In my galley kitchen, I poach an egg. A bowl of chick peas. Golden olive oil. Fresh parsley, chopped. I stand at the counter and eat. I imagine my two year old at Daddy’s for supper. Is she watching TV? What did he cook for her? Did he help her wash her hands?
We’ve lived in this apartment for a year. I like that she visits Daddy, but prefer her here. Where I can see her. Where I can pull her onto my lap, twirl her curly hair around a finger, kiss her neck. I lull myself with a song, a ballad, an old cantada about home. Here we are. There is no more pleading or wondering. The missed calls, the closed doors, the silence, the brick wall, the tension in his face: all behind us. I take a sip of Shiraz.
The message. I listen to it twice, straining to hear. A young man speaks English from somewhere far away. Static. Dead air. The March of Dimes? Scotia Bank? I can’t make out the words. I try again. I jot down a 1-800 number and a question mark. I leave the note on the dining room table. I delete the message.
I slip off my tweed pants, my pleated blouse. The sound of rushing bath water is like pulling curtains on a noonday sun. I’ve saved this jasmine blossom bath bomb since the weekend. Since dishes and laundry and swimming lessons and story time. I float and suspend in the soaker tub. I watch the green and pink tornado swirl above my breasts. It smells like honey, like mimosa.
I close my eyes. I don’t know it yet but that blinking symbol, that distorted voice played back: this is the first sign of you. A far-away, barely audible bell sound. I don’t know it yet but there it is, your beating heart.
I get the call that September, on a bright Saturday afternoon. I sit at the Wild Oat, a cafe in the Glebe. I watch people walking by: running strollers, re-usable shopping bags, light jackets. I shake cinnamon over my latte. I wait for a pedicure appointment at a spa nearby. I have time to take the call. I’m admiring the archway to The Fourth Avenue Baptist Church across the street when my mobile rings.
A representative from the OneMatch Stem Cell and Marrow Network. A cheek swab I sealed in a Ziplock bag years ago is a match. The closest match among others. A possibly perfect match.
You need a stem cell transplant. Likely bone marrow, maybe peripheral blood. More tests to be run. Tests for infectious diseases, confirmatory typing.
I take a sip from my cup.
A case manager from the Canadian Blood Services office in Ottawa will contact me for an information session, an interview, further assessment. She will coordinate a work-up, more blood work, a physical exam, and an ECG.
Do I wish to proceed?
I read the sign across the street:
Sermon: Give It Away!
All Are Welcome.
I see a baby in a stroller with a string of brightly painted wood shapes strung around its neck. A rubber soother in its mouth.
I hear the clink of forks on dishes, running water.
I lick sugar off of my top lip.
“Yes,” I manage. “I would like to proceed”

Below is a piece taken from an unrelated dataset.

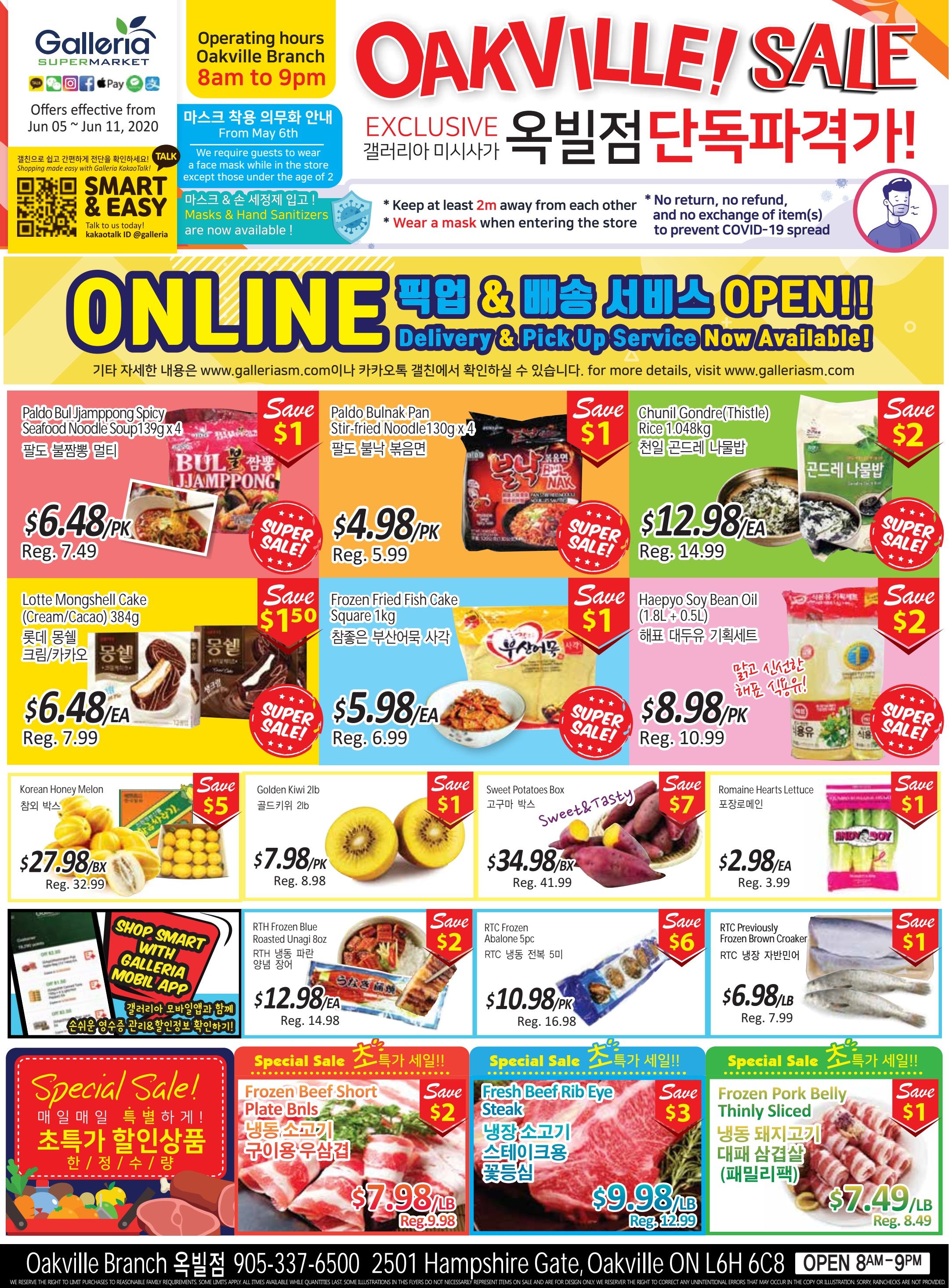 Galleria Supermarket Flyer June 5 to 11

I finish the call and for the first time, I come to know of you. You spring forward. I sit in the cafe and imagine you. There you are, hazy but materializing on the bench across the street, by the bus stop. Waiting. Waiting for me to finish the call. Waiting while I gather my bag. Waiting while I get my coat on.
An hour later, on a leather throne high up, under soft lights, there are hushed voices. My feet are bare and soaking in a milky, oily bath. I talk to the woman sitting in front of me about new jobs, her dog, my daughter, break-ups, the weather.
I read and re-read the same sentence in a novel, over again. I pick a polish the colour of Abrusco grapes, of a Cabernet franc, of blood. I close my eyes and invent you. My match. My best match. You’re a formation at this point. An outline. A frame. I can’t make out your details. You’re a smoky, opaque grey.
Where do you live?
What part of the world?
What do you do on a Saturday afternoon?
What do you take in your coffee?
Who are you?
One month later, I move into my new home. When I first saw it with the realtor, empty and sparkling, it was like I’d been there before. I fell in love with the crab apple tree in the front yard, with the fireplace, the lush front garden, the bay window, the space on the hardwood floor for my daughter to fill.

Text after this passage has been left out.